You can take the girl out of the island, but you can't take the island out of the girl.
Monica Galetti might be a name synonymous with culinary delights, chef artistry and maybe even the "death stare''; but before all that, she was just another kid growing up in Samoa.
Born in Apia, she grew up in the village of Sapapāli'i, Savaii, before the family migrated to New Zealand while she was still a young girl.
One of her earliest memories is of her dad teaching her how to make palusami (coconut cream wrapped in taro leaves).
She defines herself as a Samoan-Kiwi — a term that acknowledges her island roots and the upbringing she enjoyed in what her parents' generation dubbed the land of milk and honey.
"That's who I am and I will always be that, first and foremost. I live in the UK — I've worked a lot overseas — but I am Samoan-Kiwi."
The accomplished chef, who still calls Wellington home, moved to London in 1999 after accepting an offer from top chef Michel Roux Jr to work at his two-Michelin-starred restaurant: Le Gavroche.
There, she was a force to be reckoned with; working through the kitchen to become the first woman to hold a senior position — sous-chef — at the restaurant.
Galetti is arguably most recognised for her role as a judge chef on the BBC cooking series MasterChef, which she has appeared on for 10 years and recently re-signed with.
She was in New Zealand last week to speak at the Pacific Aotearoa Summit. Asked how she got that gig, the answer is typical of the Samoan grapevine — through the cousin of a friend.
She silenced the room when she shared stories about the struggles and the very humble beginnings her family faced during the 1980s.
"I know what it's like to have holes in my shoes."
Her mother's death a few years ago sparked something inside her — a move towards a dream she had long wanted to fulfill.
In March last year, she and wine expert husband David Galetti opened a restaurant in London.
Its name pays tribute to the woman who motivated her to achieve all this: Mere.
"My mum went without so much to put food on the table and I find naming it after her — it's her legacy through me.
"We live, we die. We get forgotten and I just feel like, for my mum, every person who walks through my door will know her name."
Visitors will catch subtle influences from the Pacific: Tapa-patterned panels, a siapo (tapa cloth) from Samoa and artwork — created by a cousin — on the walls.
Mere's menu also gets a touch of Pasifika or Kiwiana now and again; with a modern version of oka (raw fish) included last summer.
"I've done a take on pork boil-up as well — but it wouldn't be a pork boil-up as you know back here,'' she laughed.
"At the moment I have a take on a Toffee Pop. But again, it's very different — it's the ideas and the flavours of it and making a dessert or food."
She is living a hugely successful life these days, but it has been challenging.

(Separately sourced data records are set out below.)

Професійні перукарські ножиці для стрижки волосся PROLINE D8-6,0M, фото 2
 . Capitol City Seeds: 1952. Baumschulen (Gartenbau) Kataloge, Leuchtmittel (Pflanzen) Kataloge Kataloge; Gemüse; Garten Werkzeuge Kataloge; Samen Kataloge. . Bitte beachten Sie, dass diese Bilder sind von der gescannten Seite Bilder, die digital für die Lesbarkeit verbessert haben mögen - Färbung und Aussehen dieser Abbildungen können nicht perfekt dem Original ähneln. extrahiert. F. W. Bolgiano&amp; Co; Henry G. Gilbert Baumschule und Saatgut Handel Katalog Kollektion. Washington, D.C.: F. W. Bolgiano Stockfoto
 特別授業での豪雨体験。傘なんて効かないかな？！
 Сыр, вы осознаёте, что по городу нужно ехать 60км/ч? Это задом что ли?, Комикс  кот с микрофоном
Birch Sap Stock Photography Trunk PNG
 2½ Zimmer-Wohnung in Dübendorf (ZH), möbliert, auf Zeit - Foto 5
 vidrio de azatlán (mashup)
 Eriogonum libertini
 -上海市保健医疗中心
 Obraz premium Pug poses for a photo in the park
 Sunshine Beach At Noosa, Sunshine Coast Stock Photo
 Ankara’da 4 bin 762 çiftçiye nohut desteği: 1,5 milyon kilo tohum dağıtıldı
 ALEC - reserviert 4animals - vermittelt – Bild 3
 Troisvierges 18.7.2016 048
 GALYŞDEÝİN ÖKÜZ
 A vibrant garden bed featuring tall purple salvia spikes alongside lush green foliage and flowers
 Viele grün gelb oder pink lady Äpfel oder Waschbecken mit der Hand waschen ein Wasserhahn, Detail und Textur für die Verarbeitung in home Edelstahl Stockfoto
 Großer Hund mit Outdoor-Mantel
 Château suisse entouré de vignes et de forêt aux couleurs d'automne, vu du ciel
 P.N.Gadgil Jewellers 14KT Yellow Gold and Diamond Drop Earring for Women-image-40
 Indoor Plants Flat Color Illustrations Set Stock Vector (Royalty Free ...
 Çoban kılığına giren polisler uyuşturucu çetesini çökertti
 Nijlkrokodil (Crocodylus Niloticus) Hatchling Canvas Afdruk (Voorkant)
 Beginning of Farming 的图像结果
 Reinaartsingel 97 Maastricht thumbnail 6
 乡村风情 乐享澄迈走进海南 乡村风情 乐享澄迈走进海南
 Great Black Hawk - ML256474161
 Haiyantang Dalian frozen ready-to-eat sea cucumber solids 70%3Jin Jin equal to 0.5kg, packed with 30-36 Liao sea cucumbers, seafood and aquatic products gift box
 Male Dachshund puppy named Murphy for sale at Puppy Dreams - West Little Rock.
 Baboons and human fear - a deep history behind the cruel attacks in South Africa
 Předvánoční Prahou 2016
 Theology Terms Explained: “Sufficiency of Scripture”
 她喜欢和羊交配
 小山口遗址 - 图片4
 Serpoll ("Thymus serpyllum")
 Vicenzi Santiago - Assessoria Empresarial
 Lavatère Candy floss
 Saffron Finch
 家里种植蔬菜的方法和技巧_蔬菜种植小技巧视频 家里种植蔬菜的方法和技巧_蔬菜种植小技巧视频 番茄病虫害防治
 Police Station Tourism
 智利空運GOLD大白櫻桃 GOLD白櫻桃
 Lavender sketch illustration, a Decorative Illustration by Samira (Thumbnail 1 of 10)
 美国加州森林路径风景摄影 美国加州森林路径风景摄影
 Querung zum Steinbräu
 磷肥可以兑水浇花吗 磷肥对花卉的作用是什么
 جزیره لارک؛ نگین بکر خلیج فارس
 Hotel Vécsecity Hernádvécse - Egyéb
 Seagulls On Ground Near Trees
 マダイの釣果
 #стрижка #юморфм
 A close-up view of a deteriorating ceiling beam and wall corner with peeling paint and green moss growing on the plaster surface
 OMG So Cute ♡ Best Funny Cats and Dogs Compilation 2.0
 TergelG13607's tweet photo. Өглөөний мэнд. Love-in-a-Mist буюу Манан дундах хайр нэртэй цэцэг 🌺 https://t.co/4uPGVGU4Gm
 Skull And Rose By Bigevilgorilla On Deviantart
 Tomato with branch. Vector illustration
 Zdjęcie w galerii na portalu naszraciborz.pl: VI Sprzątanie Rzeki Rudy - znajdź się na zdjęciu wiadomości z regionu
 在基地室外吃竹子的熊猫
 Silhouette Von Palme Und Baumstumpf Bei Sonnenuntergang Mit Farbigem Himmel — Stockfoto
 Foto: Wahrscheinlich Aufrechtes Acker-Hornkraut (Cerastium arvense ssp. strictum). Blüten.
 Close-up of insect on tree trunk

"For the first couple of years in the UK, I was like: Oh my God, what have I done? I was working from 7 in the morning to 1 in the morning. It was crazy.
"It was gradual and it hurt. But when you look at what you can achieve afterwards, it's all worth it."
It was odd not to see many brown faces in the kitchen, she said.
"In the beginning, I was called black in an actual kitchen. It was a real shock for me.
"But it never happened again. Whoever said that learnt a lesson — you just don't call a Samoan black ... because yeah, you're not going to get very far in the kitchen without me hurting you,'' she joked.
For now, life is good and even better when she is back home eating all the traditional Samoan food she can — chopsuey and roast pig's head still among her favourites.
"All I do is I eat island food when I get back here.
"That's all I want. Keke pua'a, (pork buns) bring it on — and then back to the gym when I get back," she laughed.